Nevertheless, the real enjoyment of the film comes from the eventual realisation that this character makes on the nature of existence and his place within it, and how Antonioni suggests this through his typically rigid and starkly beautiful direction and the actual mechanisms of the plot. As ever with Antonioni's work, the narrative here is structured in a subjective and episodic manner, moving from one scene to the next while offering us snatches of information that we can collect and consider within the perspective of that penultimate scene that seems to put the rest of the film into a kind of context. The director also uses flashbacks and cutaways to scenes that we assume have some precedence over the journey that the character is taking, though again, it could just as easily be connected to the political climate that the film suggests through the documentary footage shot by Nicholson's character before his eventual self-imposed exile from himself. Here, the implication of the film's English title becomes clear, with the character of David Locke becoming a literal passenger in his own life; an empty vessel just drifting through existence with no real interaction, boxed in by the confines of a disintegrating marriage and tied to a job that is slowly sucking the very essence from his being.

Though the film is as minimal and subtle as many of Antonioni's earlier films, such as his grand cinematic gesture, the so-called "alienation trilogy", comprising of the films L'avventura (1960), La Notte (1961) and L'Eclisse (1962), the ultimate themes are incredibly affecting and heartbreaking in their finality; with Locke becoming the representation of the literal lost soul, a ghost in his own life who finds escape through imitation, only to end up reliving the same nightmare as if trapped within some endless loop. For me, it is easy to identify with the ideas here; with the central concept of remaking your own life as someone else entirely - or to live our lives from another perspective - coming back to the often mistaken belief that the grass is always greener on the other side. This notion is suggested throughout the film, from the first very meeting between Locke and the enigmatic Robertson, to that final scene between David and the mysterious girl, in which Locke relates the somewhat heartbreaking parable of the blind man who, after finally regaining his sight on the eve of his 40th birthday, is literally overwhelmed by what a terrible state the world is in.
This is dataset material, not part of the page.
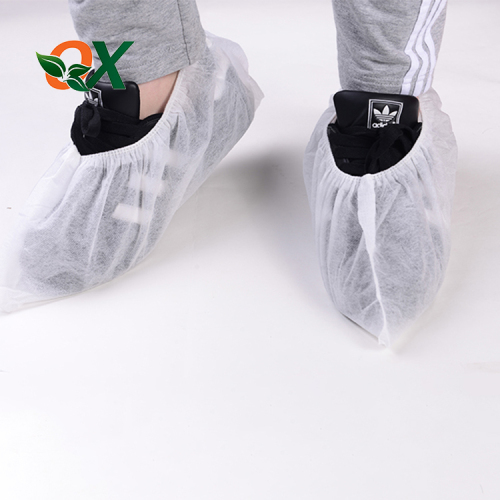 Hot sale factory direct price non slip reusable pe shoe covers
Metaphors run rife through the film, from Antonioni's visual abstractions within the frame, to the subtle use of wordplay within the script. The ending then ties the whole thing together with a masterful display of technical virtuosity and one of the great, enigmatic questions of Antonioni's career. It is sad, mostly in the same way that the endings of La Notte and L'Eclisse were sad, suggesting a thread of resigned disappointment and the rejection of escape in favour of the easiest option. Ultimately though, the film is deeper, more affecting and more fascinating than any of this particular review might suggest; with Antonioni producing one of his very greatest films, aided by the excellent performances from Nicholson and Maria Schneider, and that continually evasive and hypnotic tone of wandering melancholy, as we move slowly towards that inevitable final, and one of Antonioni's boldest and most purely defined artistic statements.